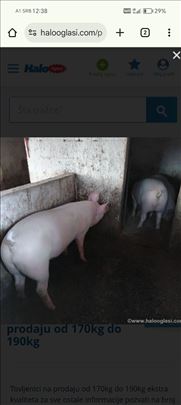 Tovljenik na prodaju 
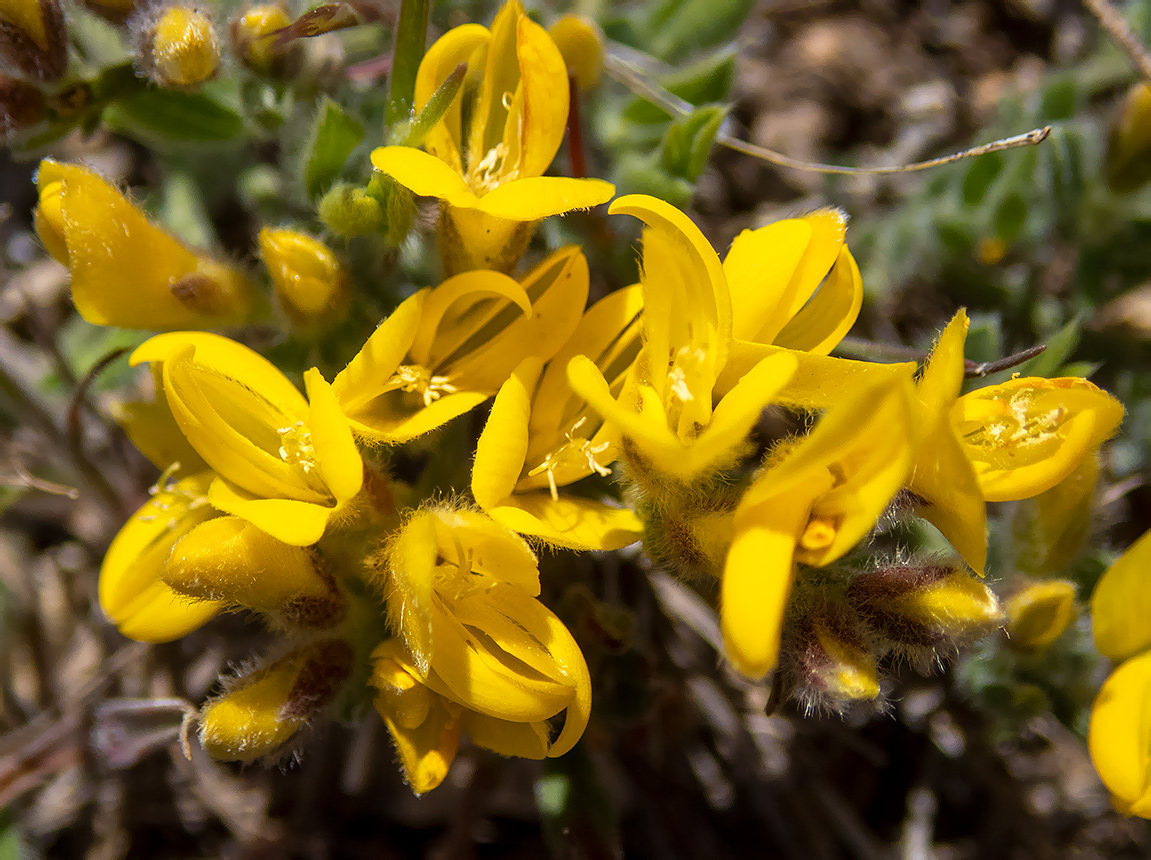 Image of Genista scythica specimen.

* * *

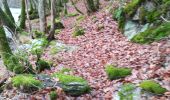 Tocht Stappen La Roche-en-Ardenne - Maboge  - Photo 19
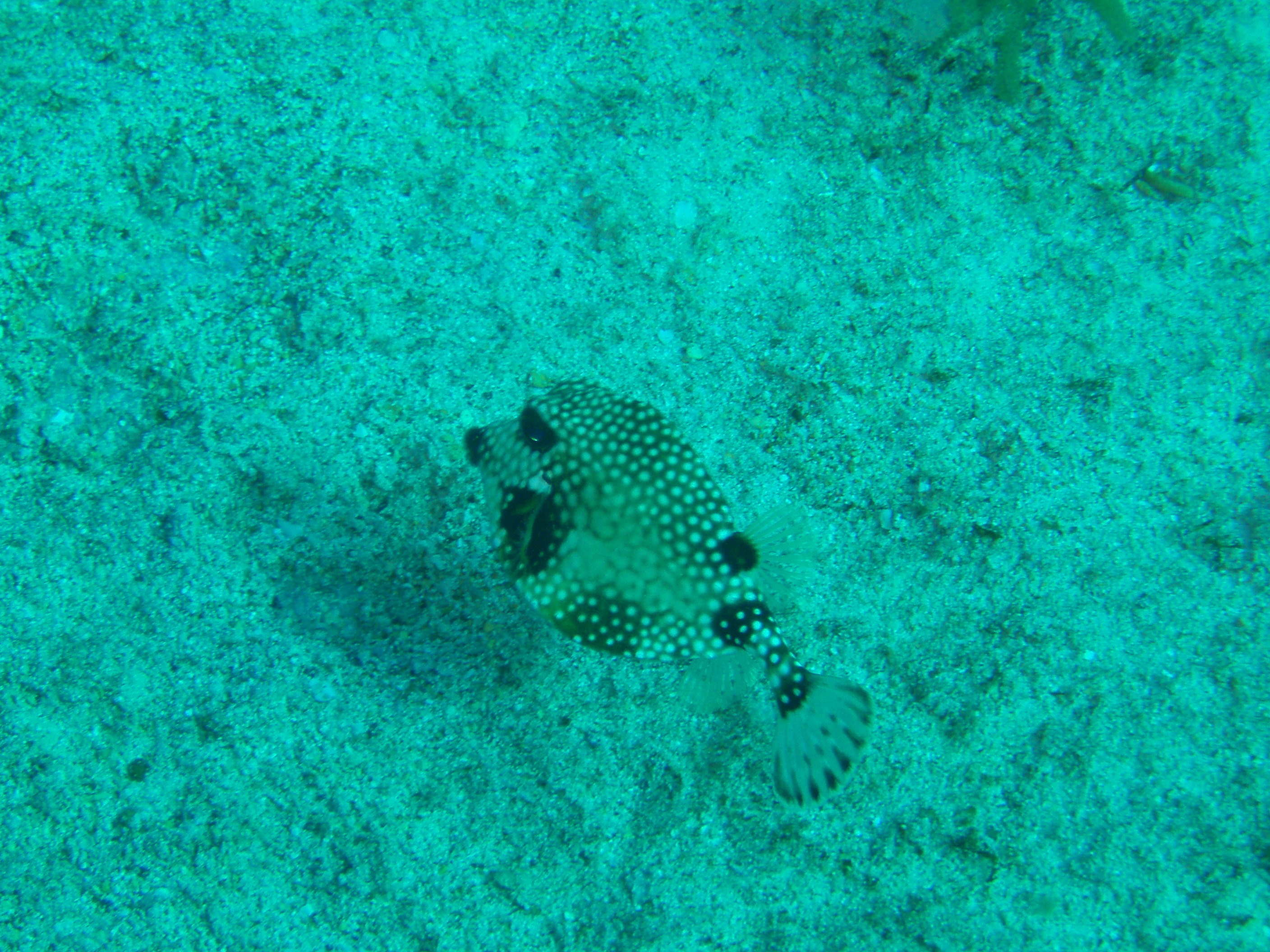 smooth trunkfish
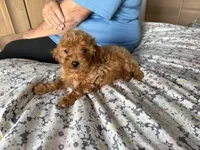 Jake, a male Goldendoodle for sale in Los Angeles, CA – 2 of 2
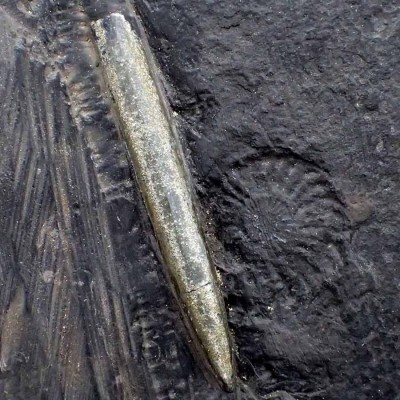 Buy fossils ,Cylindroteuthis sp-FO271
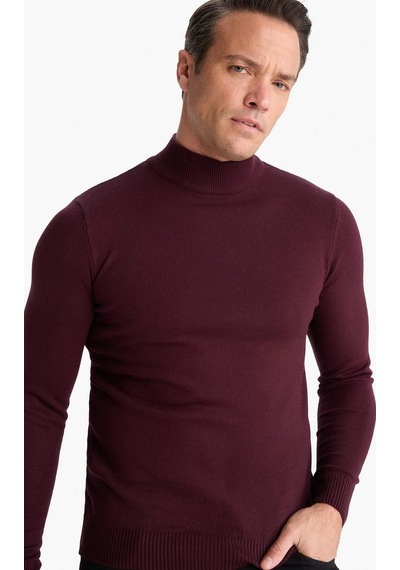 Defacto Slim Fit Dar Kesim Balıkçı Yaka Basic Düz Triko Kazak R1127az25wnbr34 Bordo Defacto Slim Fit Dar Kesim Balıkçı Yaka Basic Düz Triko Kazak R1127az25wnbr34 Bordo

--

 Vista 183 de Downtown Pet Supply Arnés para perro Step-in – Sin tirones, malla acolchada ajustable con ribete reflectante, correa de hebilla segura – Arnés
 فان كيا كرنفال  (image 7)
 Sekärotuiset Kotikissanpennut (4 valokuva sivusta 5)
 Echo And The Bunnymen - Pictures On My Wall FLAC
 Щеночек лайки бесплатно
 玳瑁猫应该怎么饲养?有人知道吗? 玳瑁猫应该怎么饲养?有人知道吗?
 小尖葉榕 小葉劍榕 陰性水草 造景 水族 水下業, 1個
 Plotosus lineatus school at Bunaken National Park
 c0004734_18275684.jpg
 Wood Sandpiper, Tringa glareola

**WHAT THE TASK ASKS**
When you reach the line holding "Jake, a male" in the listing above, begin retyping exactly, and stop once the line holding "R1127az25wnbr34 Bordo Defacto" is done; pictures stay out.

**WORKED SOLUTION**
 Jake, a male Goldendoodle for sale in Los Angeles, CA – 2 of 2
 Buy fossils ,Cylindroteuthis sp-FO271
 Defacto Slim Fit Dar Kesim Balıkçı Yaka Basic Düz Triko Kazak R1127az25wnbr34 Bordo Defacto Slim Fit Dar Kesim Balıkçı Yaka Basic Düz Triko Kazak R1127az25wnbr34 Bordo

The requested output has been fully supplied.